# Substrate and CO2 lower PH



## goodiehard (29 May 2012)

Hi All, 

Having some trouble with choosing the right substrate. Using kittylitter now in my first tank (here in the netherlands the "foetsie bah" brand is similar to the tesco stuff), but it's just too course to hold any plants. For my non-existing experience and skills anyway. 

I've read about the baked clay substrates on the forum. But ADA is expensive and hard to come by in Holland. Akadama, the bonzai soil, looks a lot like the big grainsize of kittylitter. 
Ebi gold is available, is a nice black color and a small grain in the powder variant. But the thing I'm worried about is that is says that it  lowers the PH. 
Because adding CO2 lowers the PH, if the substrate also lowers the PH (to about 6,5 according to spec), doesn't this limit the amount of CO2 I can add? 
Tapwater PH in amsterdam is 8,0. 

There a nice journal on this forum where the user stated that more co2 is better and to keep upping the bubbelrate untill the PH checker is almost yellow, I guess that's a PH of about 6,0. I think most fish dig 6,0 and maybe a little less, but not much below that, right?

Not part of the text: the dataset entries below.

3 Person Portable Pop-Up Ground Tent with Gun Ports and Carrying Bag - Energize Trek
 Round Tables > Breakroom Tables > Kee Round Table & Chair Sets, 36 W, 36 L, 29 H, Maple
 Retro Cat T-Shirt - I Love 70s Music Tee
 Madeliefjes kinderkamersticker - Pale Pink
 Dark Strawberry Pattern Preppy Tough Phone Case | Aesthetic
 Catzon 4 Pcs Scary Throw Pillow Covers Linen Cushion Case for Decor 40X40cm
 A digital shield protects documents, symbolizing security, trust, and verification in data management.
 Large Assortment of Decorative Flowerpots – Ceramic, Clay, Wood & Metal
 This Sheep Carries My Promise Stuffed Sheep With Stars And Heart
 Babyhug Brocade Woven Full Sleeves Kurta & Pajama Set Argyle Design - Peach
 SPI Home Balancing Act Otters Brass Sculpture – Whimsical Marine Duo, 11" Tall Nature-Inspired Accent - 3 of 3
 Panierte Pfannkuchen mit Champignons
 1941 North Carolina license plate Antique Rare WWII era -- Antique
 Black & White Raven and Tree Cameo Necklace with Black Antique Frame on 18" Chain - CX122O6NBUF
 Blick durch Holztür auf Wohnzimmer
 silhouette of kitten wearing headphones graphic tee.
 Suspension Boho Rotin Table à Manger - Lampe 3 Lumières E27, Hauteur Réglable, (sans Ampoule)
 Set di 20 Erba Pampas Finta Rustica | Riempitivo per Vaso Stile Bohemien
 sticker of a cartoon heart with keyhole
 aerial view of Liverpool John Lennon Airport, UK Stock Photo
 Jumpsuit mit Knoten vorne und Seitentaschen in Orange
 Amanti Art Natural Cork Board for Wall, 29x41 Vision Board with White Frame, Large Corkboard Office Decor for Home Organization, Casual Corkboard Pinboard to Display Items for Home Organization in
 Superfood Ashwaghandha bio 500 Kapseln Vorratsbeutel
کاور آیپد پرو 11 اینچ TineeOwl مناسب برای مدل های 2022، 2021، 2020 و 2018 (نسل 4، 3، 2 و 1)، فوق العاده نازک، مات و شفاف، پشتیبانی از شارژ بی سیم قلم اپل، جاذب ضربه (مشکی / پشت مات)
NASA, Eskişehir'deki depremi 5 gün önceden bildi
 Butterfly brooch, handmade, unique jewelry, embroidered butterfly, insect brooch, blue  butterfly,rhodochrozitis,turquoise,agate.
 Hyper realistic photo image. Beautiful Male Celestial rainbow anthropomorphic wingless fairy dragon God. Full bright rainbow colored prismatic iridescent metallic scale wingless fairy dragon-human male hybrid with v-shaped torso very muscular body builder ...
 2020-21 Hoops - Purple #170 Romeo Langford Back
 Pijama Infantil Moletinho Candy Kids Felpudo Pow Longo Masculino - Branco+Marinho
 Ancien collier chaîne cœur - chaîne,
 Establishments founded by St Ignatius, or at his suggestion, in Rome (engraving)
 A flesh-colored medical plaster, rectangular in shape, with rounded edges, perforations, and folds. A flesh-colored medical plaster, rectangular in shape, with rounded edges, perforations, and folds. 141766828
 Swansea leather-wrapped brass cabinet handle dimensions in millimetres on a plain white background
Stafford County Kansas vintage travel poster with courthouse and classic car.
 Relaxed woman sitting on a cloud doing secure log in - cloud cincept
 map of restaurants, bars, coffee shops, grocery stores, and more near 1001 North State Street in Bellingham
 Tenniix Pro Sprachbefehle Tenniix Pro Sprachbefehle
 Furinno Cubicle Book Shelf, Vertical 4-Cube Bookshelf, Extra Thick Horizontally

Is this a real worry or can I add enough CO2 even if the substrate lowers it from 8,0 to 6,5?

Ciao
Alex


----------



## dw1305 (30 May 2012)

Hi all,
Alex I'll need to deal with the 2 questions separately, but basically they are different processes and mutually exclusive, so you don't need to worry about the pH reduction from the added CO2.


> if the substrate also lowers the PH


 Both Akadama and cat litter are clay based, and clay minerals have the ability to hold on to and exchange ions. All salts (products of the neutralization reaction of an acid and a base), when they dissolve, go into solution as cations and anions, in the case of NaCl (sodium chloride or salt, hence "salts") this is Na+ the sodium ion a cation, and Cl-, the chloride ion, an anion.

The ability of any compound to hold on to and exchange cations is called its Cation Exchange Capacity or CEC (it will also have an Anion Exchange Capacity - AEC).

Sand has no CEC, but clay minerals have high CECs, this is why we like them for the planted tank, in the case of Akadama it is clay from an area which is naturally poor in "bases" or alkaline ions such as calcium and magnesium. The technical term is that it has a low "percent base saturation", and it means that most of the exchange sites naturally have an H+ ion. When you add Akadama to a solution containing K+, Ca2+, Mg2+ ions (your tank water), the H+ ion will be exchanged for one of the other cations, and the solution may become more acid. If you soak the Akadama in a solution of calcium chloride or magnesium sulphate, the H+ ions will be exchanges for Ca2+ or Mg2+ ions before it gets in the tank.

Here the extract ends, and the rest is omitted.